The U.S. subsidiary of BAE Systems Plc plans to close a military vehicle plant in Texas next year and lay off about 325 employees, the company announced.
The facility, located about 50 miles outside Houston in Sealy, since 1990 has produced tactical wheeled vehicles for the U.S. military, including blast-resistant trucks known as Mine Resistant Ambush Protected vehicles, or MRAPs, for the wars in Iraq and Afghanistan, and the Humvee replacement Joint Light Tactical Vehicle, or JLTV.
The London-based company said industry contraction drove the decision to shutter the site by June 2014.
“We explored every possible option to maintain the viability of the facility, but the decline in U.S. defense spending has made it necessary for us to continue rationalizing our business base," Erwin Bieber, president of the company's land and armaments unit, said in a statement yesterday.
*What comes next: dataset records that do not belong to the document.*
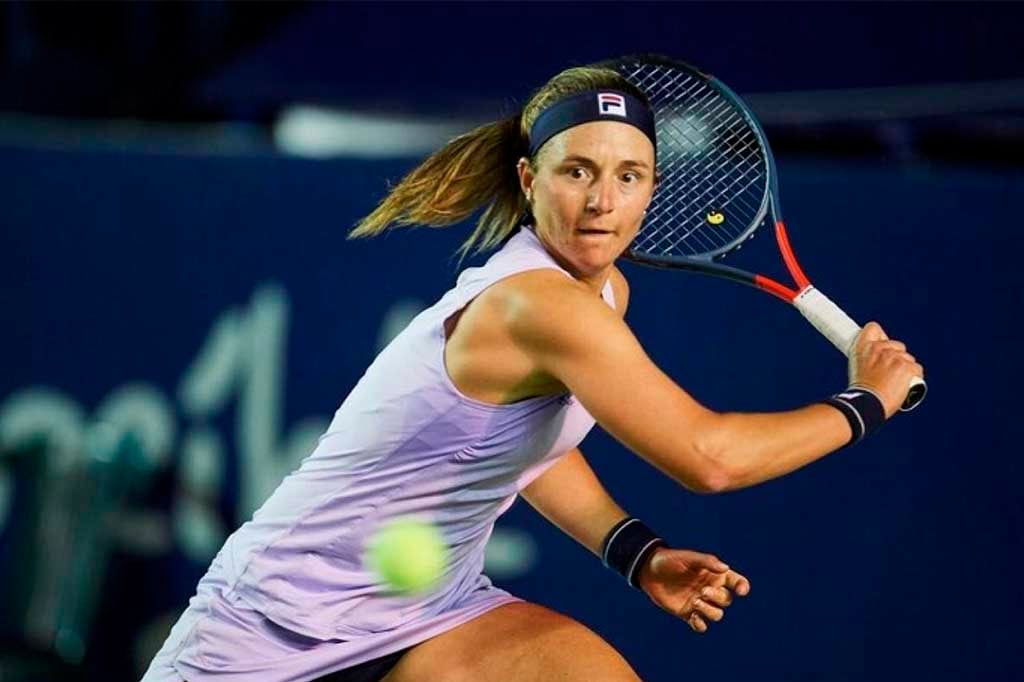 Nadia Podoroska, no pudo con la rusa Alexandrova.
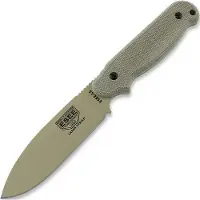 ESEE Cuchillo de supervivencia Laser Strike Canvas Micarta, desert tan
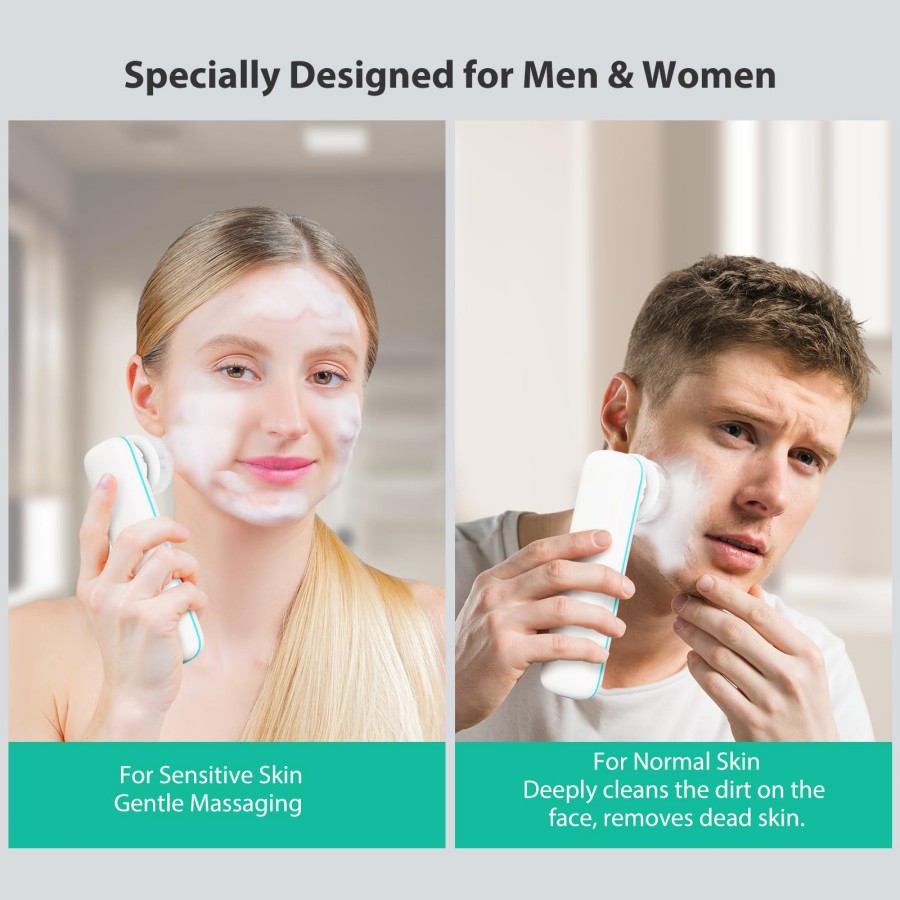 فرشاة تنظيف الوجه، فرشاة غسيل  - مراجعة Silicone Face Scrubber Electric وسعره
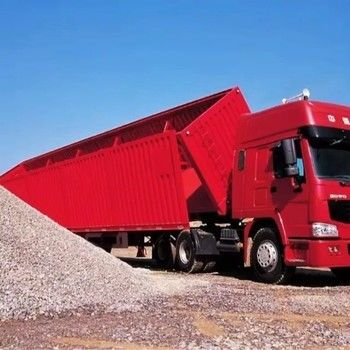 Semi-remolchi a tre assi per il trasporto delle miniere di carbone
The layoffs will take effect between November and June.
"This was a difficult decision, but it in no way reflects upon the hard work and commitment of the employees," Bieber added. "We will do all we can to assist them during this difficult transition.”
The Defense Department faces $500 billion in automatic cuts over the next decade. That's in addition to almost $500 billion in defense reductions already included in 2011 deficit-reduction legislation. The first installment of the automatic cuts totaled $37 billion and began March 1 after lawmakers were unable to reach an alternative agreement on taxes and spending. The next round totals $52 billion and is set to take effect Jan. 1.
BAE is a subcontractor to Bethesda, Md.-based Lockheed Martin Corp. on the JLTV program, an effort to build a new light-duty truck to replace a portion of the Army's and Marine Corps' Humvee fleets. Lockheed in a separate statement said it will move production of the vehicles from Sealy to its own facility in Camden, Ark.
In addition to armored cabs for and prototypes of the JLTV, BAE's Sealy plant made trucks for U.S. and foreign missile platforms, turrets and systems for various vehicles, construction cabs and spare parts for medium-duty cargo trucks and MRAPs, the company said. It also produced enclosures for commercial oil and gas platforms, it said.
Work related to continuing business will be transferred to other unspecified sites, the company said.